I found a number of interesting things, including a fish vertebra, some fish scales, a number of hairs, some bone fragments, and of course, wood chips.  When I was labeling the bags, I realized it had been excavated by none other than Kevin Smith, now at the Haffenreffer, exactly 32 years and 3 months ago.

Fish vertebra
Fish vertebra
IMG_0852
Grass?
IMG_0853
Bone fragments

Tomorrow I’ll do some more.

A book about Nuvuk

I made it back from DC on Thursday night.  Friday was the usual scramble after being out of town.  Saturday night was the annual meeting of the Friends of the Library.  There was a business meeting, and a potluck dinner.  But the highlight of the meeting was the guest speaker, none other than Daniel Inulak Lum, author of the book Nuvuk, the Northernmost: Altered Land, Altered Lives in Barrow, Alaska.

Dan Lum showing slides of the photos in his book
Dan Lum showing slides of the photos in his book

Dan’s family is Nuvukmiut (that’s how it is spelled in Nuvuk dialect–it would be Nuvugmiut in Barrow dialect), originally from Nuvuk.  He ran a tour company which took tourists to Nuvuk for much of the time the Nuvuk Archaeological Project was active.  While doing that, he wound up taking a whole lot of pictures.  He has some really great animal photos, particularly of bears, as well as some really beautiful landscapes shots.  His family had to move to Fairbanks for a while for reasons connected to health of a family member, so he isn’t running the tour company any more, but it gave him an opportunity to look through his pictures and he wound up writing a book about Nuvuk and life in Barrow.

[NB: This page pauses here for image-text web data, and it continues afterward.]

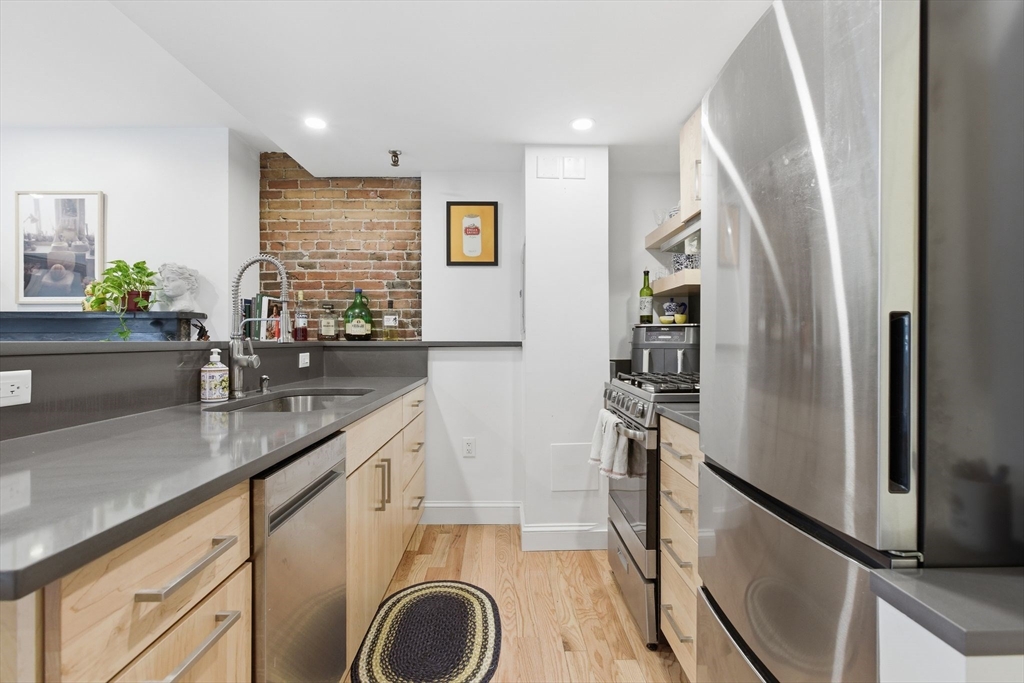 4 Derne St # 2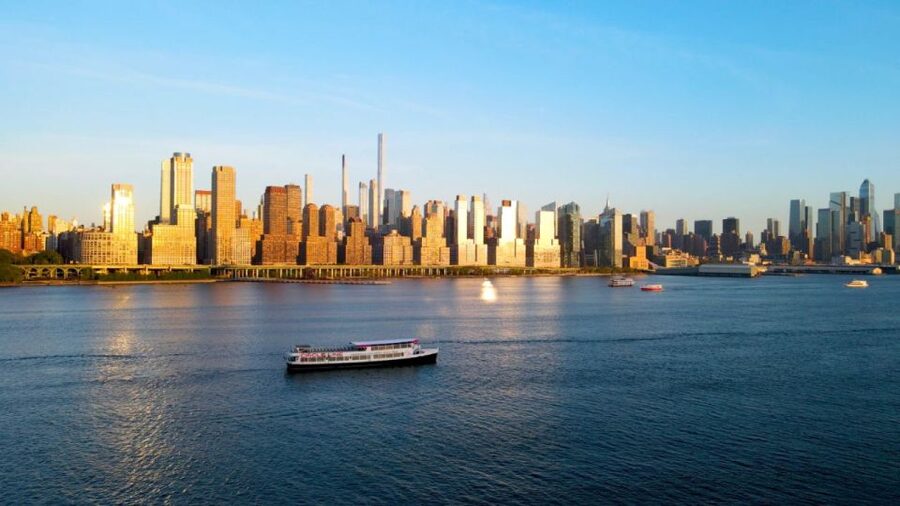 NYC: Circle Line 2h Harbor Lights Cruise Skip-The-Box-Office - Manhattan Bridge, Williamsburg Bridge, and the return north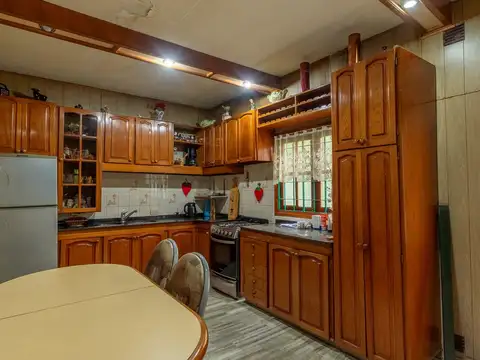 Casa 4 ambientes con 2 baños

When he was running the tour company, Dan gave great tours.  He really wanted to pass on accurate information to his clients, and would stop at our excavations and talk to us, so he had the latest news.  As he said in his talk, the village is no longer there (due to erosion) so all the Nuvukmiut have to remember it by is information from oral history and archaeology.  He’d always check to see if it was OK to bring the tourists over (not if we were excavating human remains), and was always willing to bring things back and forth for us in his van.  When the Ipiutak sled runners were uncovered, Dan  stood by until we had them out of the ground around 2AM (despite having had tours all day) and then drove them very slowly back to the lab at NARL, making sure that they weren’t bounced around.  It took over an hour to go the five or so miles.  He also brought pop out for the crew on warm days.

Dan showed slides of many of the photos from the book, and talked about how he came to write a book in the first place.  He was very encouraging to audience members about writing and publishing their own books.

Dan takes questions from the audience.
Dan takes questions from the audience.

I’m going to be spending a good bit of time getting ready for International Archaeology Day, which is Saturday.